2. Veio o reclamante arguir a nulidade desse acórdão, nos seguintes termos:
«(…)
DA NULIDADE POR OMISSÃO DE PRONÚNCIA
1º
Nos termos da al. d) do n.º 1 do artigo 668.º do CPC ex vi artigo 69.º da LOFPTC é nula a sentença quando o juiz deixe de pronunciar-se sobre questões que devesse apreciar ou conheça de questões de que não podia tomar conhecimento.
2º.
Com efeito, sempre que o juiz se deixe de pronunciar sobre questões que devesse apreciar profere uma decisão (singular ou colectiva) ferida de nulidade por omissão de pronúncia.
3º.
A nulidade que ora nos ocupa é, de resto, corolário da primeira parte do n.º 2 do artigo 660.º do CPC ex vi artigo 69.º da LOFPTC que estabelece o seguinte: o juiz deve resolver todas as questões que as partes tenham submetido à sua apreciação, exceptuadas aquelas cuja decisão esteja prejudicada pela solução dada a outras.

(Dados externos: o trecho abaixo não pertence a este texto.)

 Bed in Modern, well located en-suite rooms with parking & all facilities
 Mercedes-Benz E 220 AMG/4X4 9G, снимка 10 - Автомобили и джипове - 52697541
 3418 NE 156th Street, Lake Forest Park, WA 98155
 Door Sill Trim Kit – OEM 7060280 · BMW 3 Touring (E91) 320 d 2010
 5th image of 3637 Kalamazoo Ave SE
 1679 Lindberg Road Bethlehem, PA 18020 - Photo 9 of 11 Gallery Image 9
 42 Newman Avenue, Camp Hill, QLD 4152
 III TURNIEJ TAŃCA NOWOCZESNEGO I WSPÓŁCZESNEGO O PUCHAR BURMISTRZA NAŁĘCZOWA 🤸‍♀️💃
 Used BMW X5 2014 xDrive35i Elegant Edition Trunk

Descendo ao caso concreto,
4º.
No âmbito dos Autos de Reclamação n.º 421/12, o Tribunal Constitucional pronunciou-se no sentido do indeferimento da reclamação deduzida, confirmando, assim, a decisão de não admissão do recurso para aquele colendo Tribunal.
5º.
E fê-lo no seu acórdão n.º 489/2012, de 24.10.2012.
6º.
Sucede, porém, que o referido acórdão padece da nulidade prevista no artigo 668.º, n.º 1, al. d), primeira parte do CPC ex vi artigo 69.º da LOFPTC, na medida em que se verifica uma omissão de pronúncia sobre questões que o Tribunal deveria conhecer.
Senão, vejamos,
7º.
No aresto referido supra é possível ler-se o seguinte:
“2. Em resposta, o Ministério Público pronunciou-se no sentido do indeferimento da reclamação, com o seguinte remate:
(...)
3. Notificado da resposta, o reclamante nada disse”.
8º.
Contudo, a constatação do Tribunal, no transcrito ponto 3, não corresponde à verdade.
Com efeito,
9º
O reclamante foi notificado, a 27.06.2012, da resposta do representante do Ministério Público, junto do Tribunal Constitucional e, bem assim, do prazo de 10 dias de que dispunha para, querendo, responder.
10º.
No dia 05.07.2012, foi expedida, por correio registado com aviso de recepção, a resposta do reclamante ao douto parecer do Ministério Público (cfr. Documentos nºs 1 e 2 que ora se juntam e se dão por reproduzido).
11º.
Que, de resto, deu entrada no Tribunal Constitucional, no dia seguinte (06.07.2012) (cfr. Documento n.º 3 que ora se junta e dá por reproduzido).
12º.
Ora, conforme acaba de se comprovar, o reclamante respondeu à pronúncia do Ministério Público.
13º.
Resposta essa que, não só não foi considerada, nem apreciada, como foi tida por inexistente juntamente com as questões nessa sede arguidas.
14º.
Facto que determina a nulidade do acórdão n.0 489/2012 do Tribunal Constitucional por omissão de pronúncia, na exacta medida em que não se pronunciou sobre questões que deveria conhecer, violando o sobredito artigo 660.º do CPC ex vi art. 69 da LOFPTC.
15º.
Nulidade essa que se invoca para todos os efeitos legais.
16º.
Nestes termos,
E nos melhores de direito que V. Excelências mui doutamente suprirão, se requer a Vossas Excelências que julguem procedente, por provada, a nulidade arguida, a qual deverá ser sanada com as devidas consequências legais».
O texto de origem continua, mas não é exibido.